Znów tylko remis Górnika Łęczna. W 17. kolejce I ligi spotkanie zielono-czarnych na własnym boisku z GKS-em Tychy zakończyło się remisem 2:2.
Łęcznianie dwukrotnie obejmowali prowadzenie po golach Marko Roginicia w 6 minucie i Fryderyka Janaszka w 68 minucie. Jednak za każdym razem goście wyrównywali. Bramki dla drużyny z Tychów strzelili Julius Ertlthaler (29 min.) i Julian Keiblinger (70 min.).
Fryderyk Janaszek był niepocieszony po końcowym gwizdku: – Zdecydowanie nikogo nie satysfakcjonuje remis, zwłaszcza, że graliśmy u siebie i prowadziliśmy najpierw 1:0, a później 2:1. Powinniśmy dociągnąć te przewagę do ostatniego gwizdka. Ale zostały jeszcze dwa mecze i ciśniemy do końca.
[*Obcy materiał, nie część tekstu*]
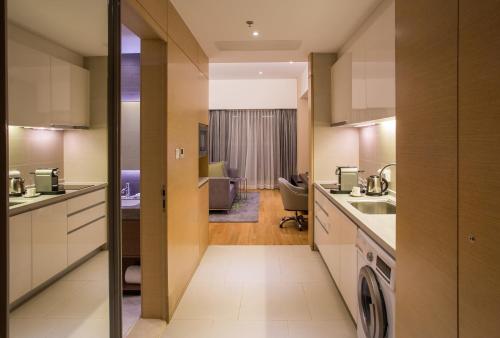 a kitchen with a washer and dryer at CM Service Apartment Tianjin in Tianjin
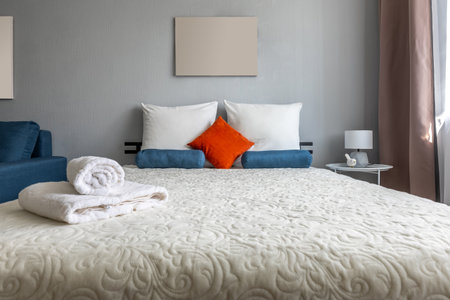 Rolled white towels are placed atop a plush quilted bed with blue bolsters and an orange accent pillow beside a sheer curtained window and bedside lamp..の写真素材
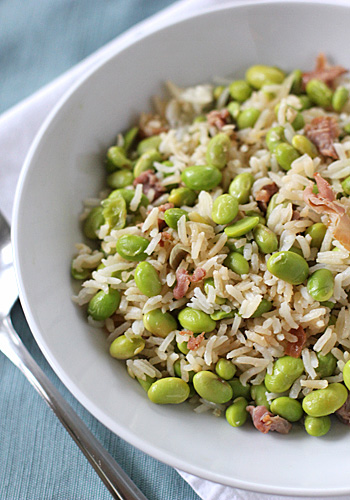 A white bowl filled with rice, edamame beans, and small pieces of bacon, placed on a white napkin with a fork next to it.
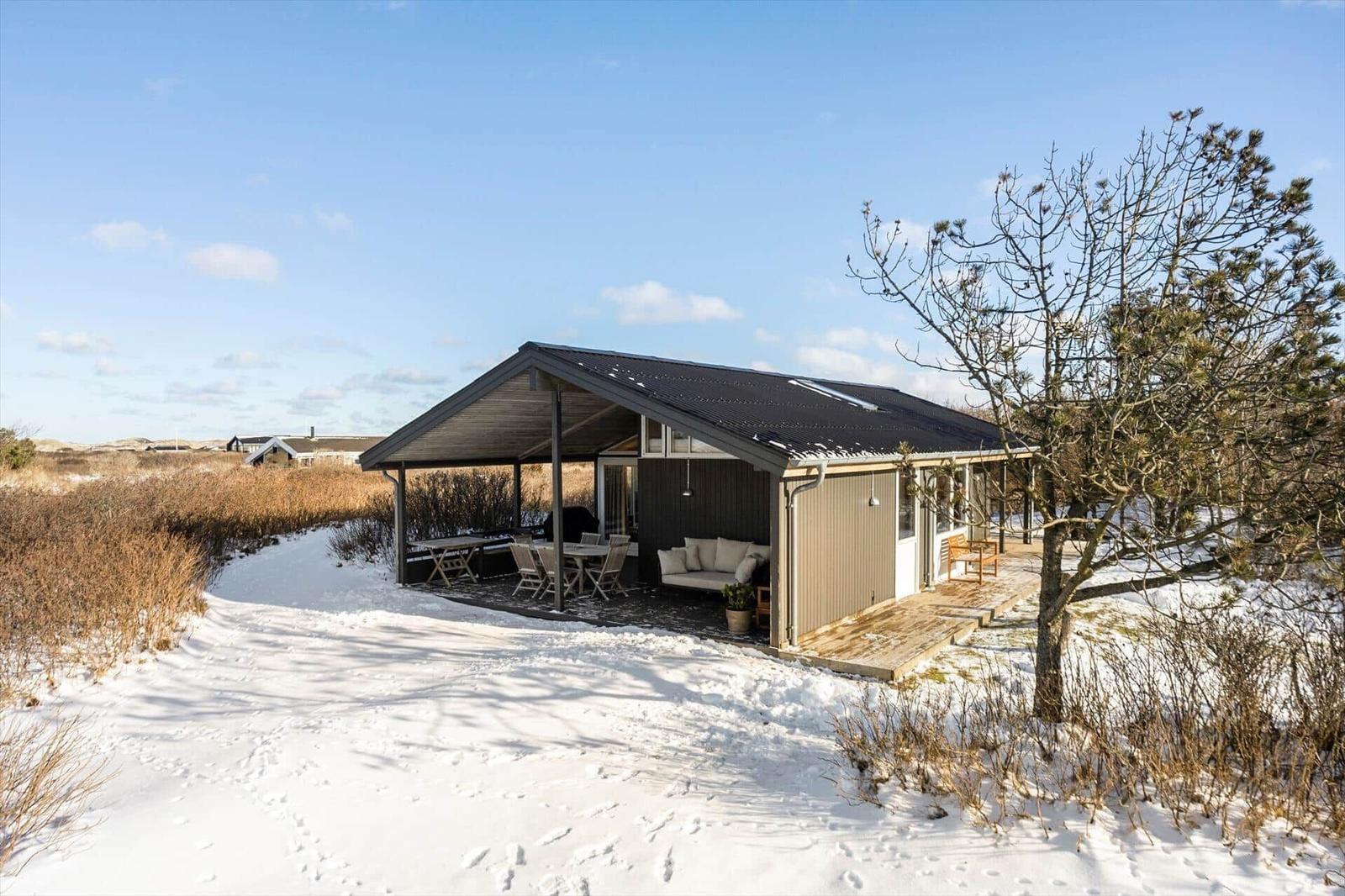 Modern cabin with covered outdoor area, seating, and snow cover.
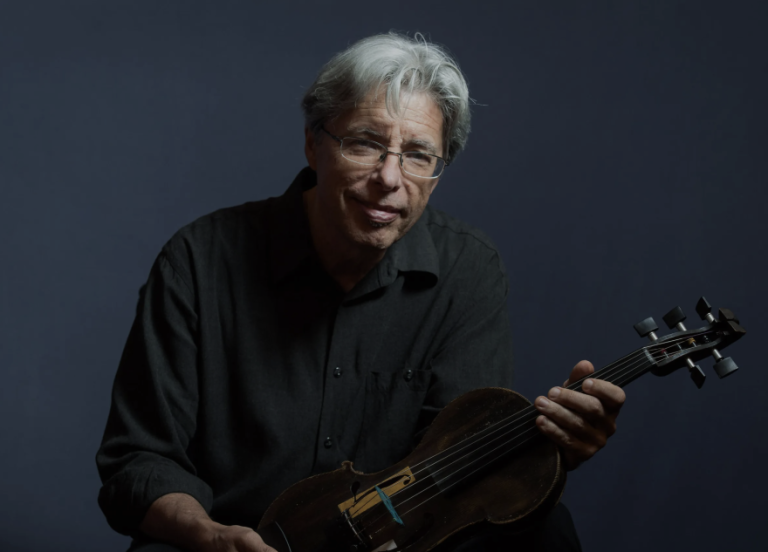 An older man with gray hair and glasses holds a violin while sitting against a dark background.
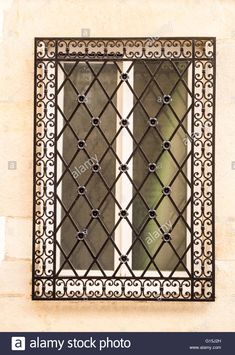 an iron window on the side of a building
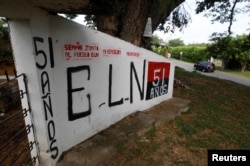 A graffiti, of rebel group Army Liberation National (ELN) is seen at the entrance of the cemetery of El Palo, Cauca, Colombia, Feb. 10, 2016.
Również kapitan Górnika Adam Deja żałował zmarnowanej okazji na zdobycie trzech punktów: – Mieliśmy te punkty na wyciągnięcie ręki, ale bramkę na 2:2 straciliśmy zdecydowanie za szybko. Znowu wkradło się trochę nerwowości i mecz skończył się remisem.
Dla Górnika był to 8., a dla GKS-u Tychy 11. remis w sezonie.
Z dorobkiem 26 punktów łęcznianie zajmują dziewiąte miejsce w tabeli. W kolejnym spotkaniu w niedzielę, 1 grudnia zagrają ze Stalą Stalowa Wola.